# taz.de -- 220-223 Tag FDLR-Kriegsverbrecherprozess: „Alle Häuser waren angezündet“
       
       > Ein ehemaliger hochrangiger Milizenkommandant schildert, wie die FDLR das
       > kongolesische Dorf Mianga dem Erdboden gleichmachte.
       
 (IMG) Bild: Aus dem Wald hinunter in die Dörfer: FDLR-Soldat in Aktion.
       
       STUTTGART/BERLIN taz | Der Angriff der ruandischen Hutu-Miliz FDLR
       (Demokratische Kräfte zur Befreiung Ruandas) auf das Dorf Mianga tief im
       Wald der ostkongolesischen Provinz Nord-Kivu am 12. April 2009 ist das
       zweitgrößte, das die deutsche Bundesanwaltschaft den beiden in Stuttgart
       angeklagten Milizenführern Ignace Murwanashyaka und Straton Musoni zur Last
       legt. Am Morgen des Ostersonntags 2009, so die Anklage, überfiel die FDLR
       das Dorf, tötete oder vertrieb die dort stationierten kongolesischen
       Regierungssoldaten, enthauptete den Ortsvorsteher in seinem Bett und tötete
       mindestens 41 Zivilisten, bevor sie Mianga vollständig niederbrannte.
       
       Der ehemalige FDLR-Offizier O, der zwischen dem 24. März und dem 4. April
       vier Tage lang im Prozess gegen Murwanashyaka und Musoni vor dem
       Oberlandesgericht Stuttgart aussagt, war an der Vorbereitung des Angriffs
       auf Mianga beteiligt. Und seine Schilderungen gehören zum eindrücklichsten,
       was man bisher in diesem Prozess über solche militärischen Aktionen seitens
       der FDLR gegen die kongolesische Zivilbevölkerung hören konnte.
       
       O hatte einen hohen Posten bei den Einheiten, die das FDLR-Hauptquartier in
       Kalongi schützten, bis die Miliz im Rahmen der gemeinsamen
       ruandisch-kongolesischen Armeeoperation Umoja Wetu gegen sie im Januar und
       Februar 2009 Kalongi aufgeben musste. „Wir waren umzingelt“, erinnert er
       sich daran. „Wir haben Kalongi verlassen und flohen in die Wälder.
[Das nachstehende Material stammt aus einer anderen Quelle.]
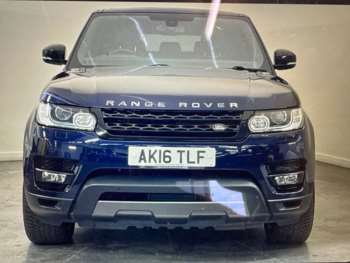 Used Land Rover Range Rover Sport 2016 for sale - 75439392: Photo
Alle
       Zivilisten, die zu uns geflohen waren, nahmen wir mit.“
       
       ## „Als es Nacht war“
       
       ## 
       
       Im Mianga nahm die FDLR Rache. Kalongi liegt auf einem Hügel, Mianga unten
       im Tal an einem Fluss, man kann es von oben sehen und damals sahen die
       Milizionäre, dass im Dorf Mianga Soldaten der kongolesischen
       Regierungsarmee FARDC und Zivilisten zusammenlebten. Etwa eine Woche vor
       dem Angriff begann die Planung. „Der Grund war, dass dort eine
       FARDC-Stellung war in der Nähe des FOCA-Kommandeurs (General Sylvester
       Mudacumura, militärischer Führer der FDLR). Man wollte die FARDC von dort
       verjagen.“ Außerdem klauten Kongolesen Tiere von den ruandischen
       Flüchtlingen auf dem anderen Flußufer gegenüber von Mianga.
       
       “Als es Nacht war, gingen die Soldaten dorthin“, schildert O den
       FDLR-Angriff. Durchgeführt wurde er von zwei Kompanien der
       FDLR-Militärpolizei, insgesamt 250 bis 300 Mann. „Mit Hilfe von Seilen
       haben sie den Fluss überquert. Sie haben die FARDC in der Siedlung
       überrascht.“ Es gab eine weitere FARDC-Stellung mit Artillerie außerhalb
       des Ortes. „Mianga liegt im Tal. Am Ausgang gab es Zelte des Feindes, und
       hoch Richtung Hügel gab es auch Zelte. Die schwere Waffe war oben auf dem
       Hügel.“ Also unternahm die FDLR zwei koordinierte Angriffe, eine dritte
       Einheit gab Feuerschutz beim Überqueren des Flusses.
       
       Viele FARDC-Soldaten wurden getötet. Auch Zivilisten, „selbstverständlich“,
       sagt O.
       
       Die Soldaten zeigten ihm danach ihre Beute: Gewehre und Uniformen bekam O
       zu sehen, 13 Kalaschnikoff-Gewehre, zwei Kartons voller Munition, zwei
       Motorola-Funkgeräte, eingestellt auf die Frequenzen der FARDC.
       
       ## "Es gab kein Haus mehr, nur Trümmer"
       
       O beschreibt Mianga nach dem Angriff, als dort wieder Versammlungen
       abgehalten wurden und die FDLR versuchte, gemeinsam mit dem Dorfchef dafür
       zu sorgen, dass die Zivilisten zurückkehren: „Es gab kein Haus mehr, nur
       Trümmer. Die Versammlungen waren in einem Haus mit Blechdach. Aber alle
       Strohhäuser waren angezündet worden. Es gab nur dieses eine Haus in
       Mianga.“
       
       Die Überlebenden waren in die Wälder geflohen. Sie hungerten, hatten keinen
       Schutz vor Regen. Miangas Bevölkerung lebt vom Palmölanbau. „Nach der
       Flucht der Zivilisten haben die Soldaten, die für den Schutz von Rumuli (2.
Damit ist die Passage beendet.